Berlin – Part Zwei

I’ve generally been lucky with flights, my return trip to Berlin, well I wasn’t so fortunate. Everything was going well until the tannoy fired up and an announcement declared the ‘gang’ that connects to the aircraft to let passengers on was not connected, it was kaputt. We must of waited about 30-40 minutes whilst enough staff with high-viz jackets were rallied to guide us airside. When we boarded the plane and we’re good to go, we were not. One of the metal tanks used to carry our suitcases had not been loaded, another 20 minutes!

I was late departing and although passport control was quite speedy, I had lost a lot of time, this trip had a tight schedule and I was already behind. Having left the house at 04:00, missing breakfast, and lunch, by the evening I was famished and after checking in at the hotel, started to hunt for somewhere close by to eat.

Of the city’s nearly 1,000 bridges, Berlin’s Oberbaumbruecke (Oberbaum Bridge) is by far the most striking.

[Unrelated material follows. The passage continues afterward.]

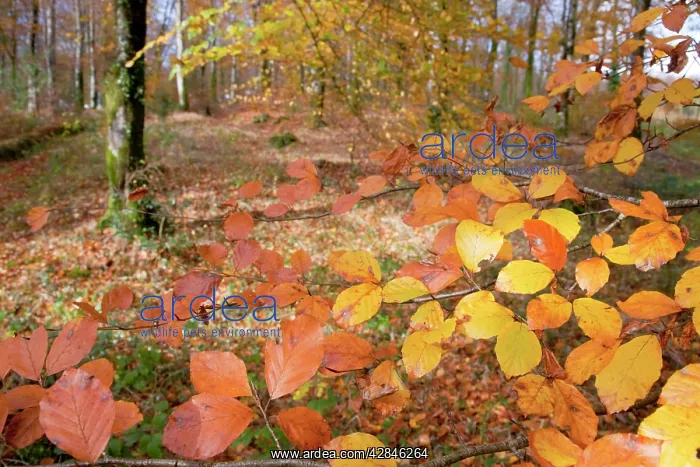 : LeBall Wood - near Bodmin : LeBall Wood - near Bodmin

Its Backsteingotik (brick gothic) towers, pointed arches, turrets, cross vaults and arched walkways hark back to its city gate past. The double-deck bridge with its seven arches spans the River Spree and was my route to food heaven. I had found several closer establishments but it was a Monday evening and they were shut!!

Mobile technology is brilliant. Having been in the industry since the late 90’s I have seen and experienced the development of tech that makes life so much easier, in this case, where and what to eat. I found a restaurant called RIVO on one such app and it looked good, and, it was open. I was soon sat down and perusing the menu.

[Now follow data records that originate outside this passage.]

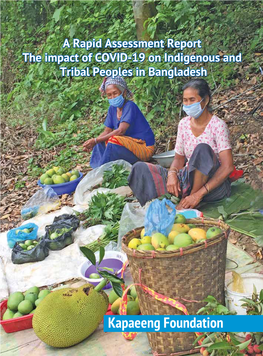 A Rapid Assessment Report: the Impact of COVID-19 on Indigenous and Tribal Peoples in Bangladesh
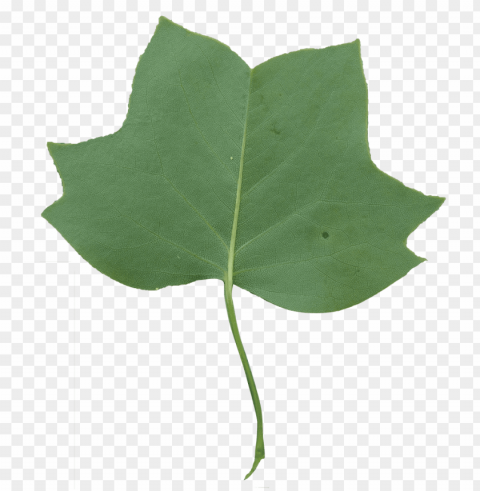 leaf clipart tulip tree - tulip tree transparent background PNG graphics for presentations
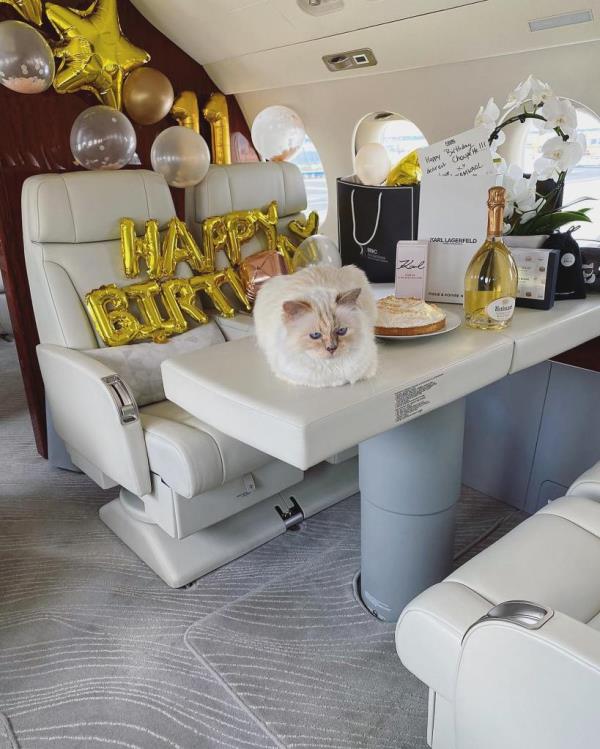 Choupette on a private plane.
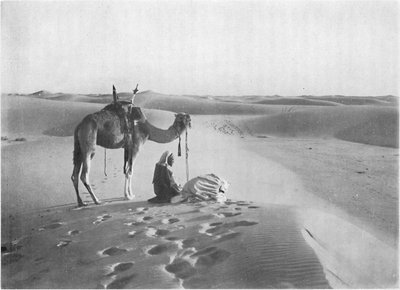 Modlitba západu slunce v poušti, c1913 od Charles J. S. Makin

The first course I went for was Octopus, grilled with a Papaya Salad, Beetroot Humus and a Black Bean Purée, it was delicious. Lots of different flavours bouncing on the palate it was a great start to the evening.

The main event, well a Schnitzel, but not any old Schnitzel. This was a Tel Aviv Schnitzel made with Corn chicken and served with Arugula (Rocket) Labneh and Hummus. I am convinced the Chicken had been brined, it was so juicy and succulent, another stunning plate of delights. The crispy Chick Peas added an additional crunch.

As I was starving and missed breakfast and lunch, dessert was a no-brainer. Passion Fruit Crème Brûlée with Sour Cream Ice Cream and a Chocolate Crumble. The dessert was not to sweet and finished things off nicely.

The wine list had some great choices but I was in the mood for a Riesling, and very good it was too. I was in the restaurant for a good two and a half hours, the service was excellent and un-rushed, the food was delicious.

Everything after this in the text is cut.